From here on out, when people ask me what the difference between the three Democratic frontrunners is, I'll tell them this, from Ezra Klein, as he breaks voters down into three groups: policy-oriented, projection or persuasion.
Edwards has gained a lot of rather unexpected support from policy-oriented types -- voters who are surveying the range of candidates and seeing whose white papers conform most closely with their preferences. Want the most radical health care plan you can find? Edwards is your guy.
Hillary, by contrast, seems to trigger a lot of projection. I can't tell you how many of her supporters have tried to convince me that she's really much more liberal than she comes off, but has been forced into displaying a centrist, hawkish streak because of the demands of running as a woman in a traditionally masculine sphere. Her supporters seem to spend a lot of time convincing themselves that she's really very progressive, and appearances to the contrary are misleading.

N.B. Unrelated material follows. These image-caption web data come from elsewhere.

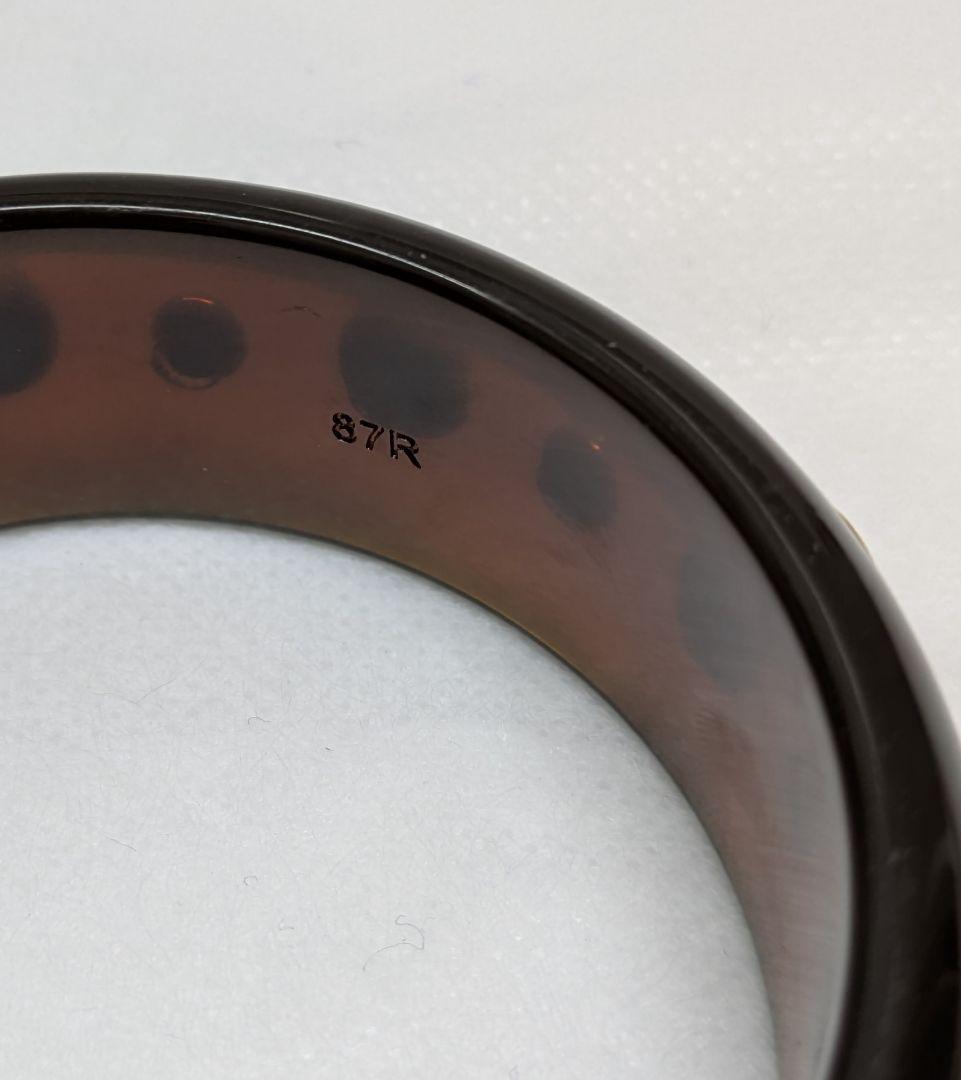 D&G JEWELS ドルガバ ジュエリー バングル スタッズ 未使用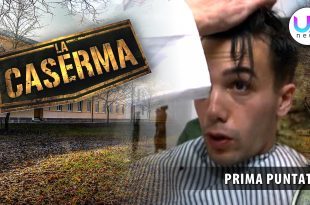 La Caserma, Prima Puntata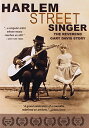 【中古】【未使用 未開封品】Harlem Street Singer - Reverend Gary Davis Story DVD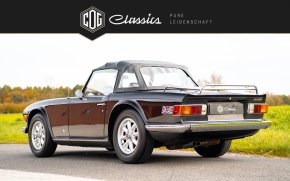 Triumph TR6 8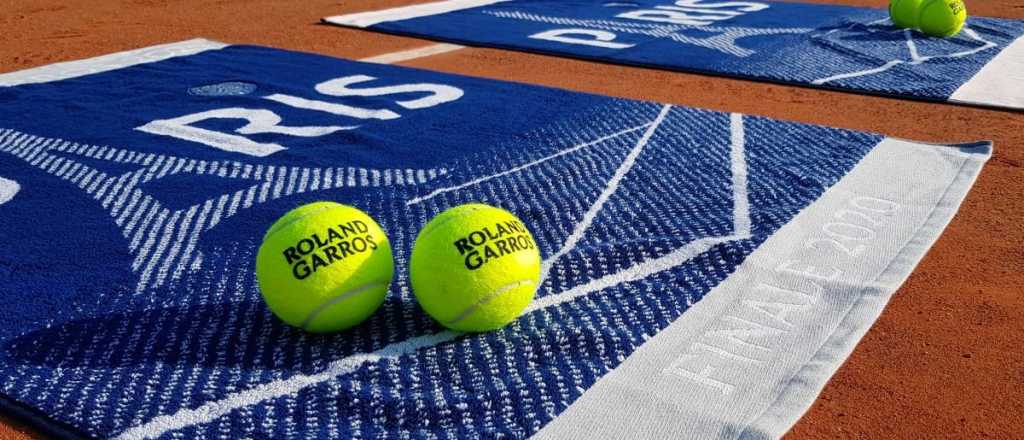 Postergan Roland Garros por las medidas en Francia: cu&aacute;ndo se juega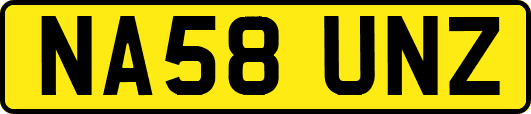 NA58UNZ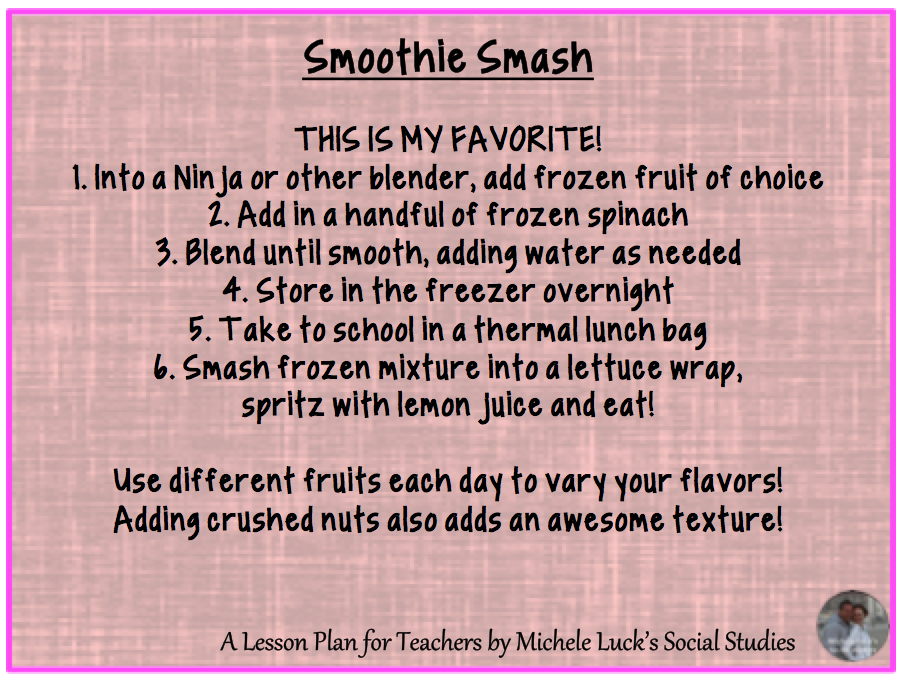  Coming up with creative ideas for school lunches can be a challenge. These quick ideas are great for allowing variation, flavor, and ease!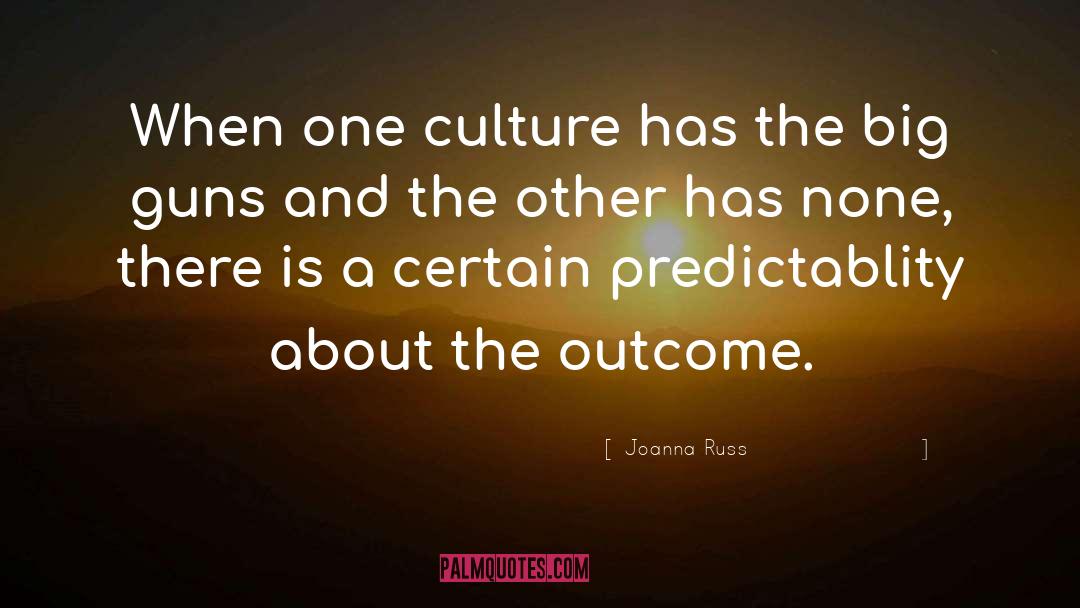 Islamic Culture quotes by Joanna Russ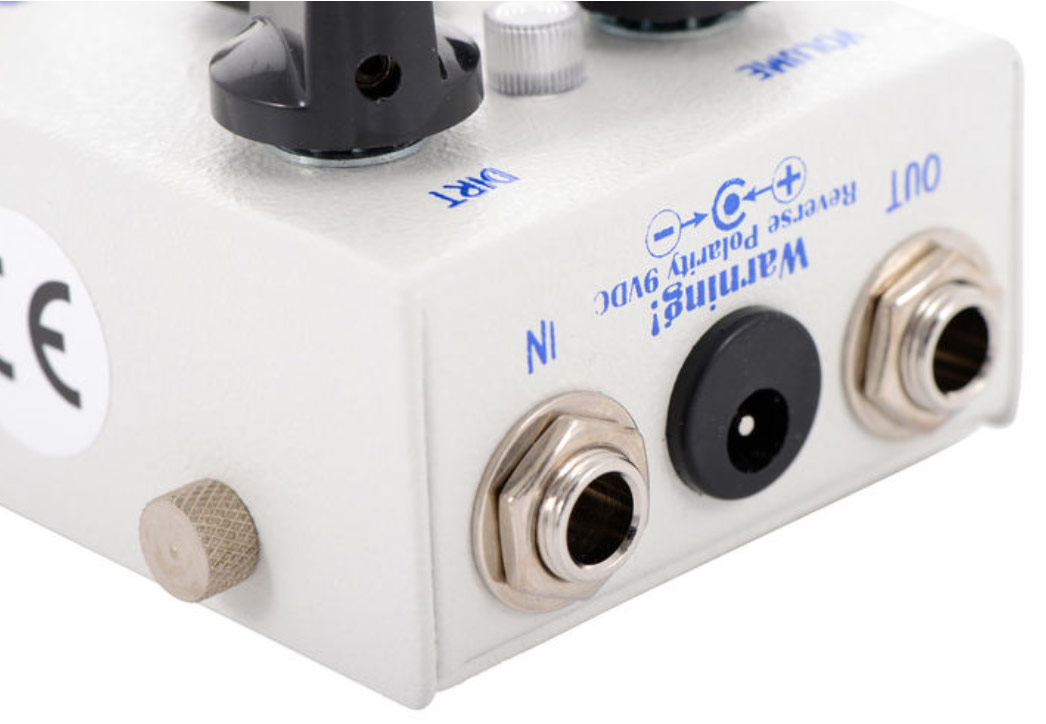 Fulltone Soulbender V2 Fuzz Standard - Overdrive, distortion & fuzz effect pedal - Variation 4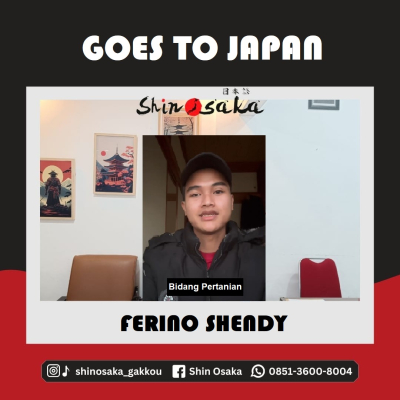 Ferino Shendy Setyobudi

And lastly, Obama's actually been a fairly persuasive candidate. His policies are close enough to progressive ideals that his supporters don't need to invent new ones for him, but they're just cautious enough to open him up to attack for the left. The result has been a lot of Obama folks arguing earnestly for the superiority of policies -- like a near-universal, but not actually compulsory, health care plan -- that I don't think, a few months ago, they would have considered the optimal approach.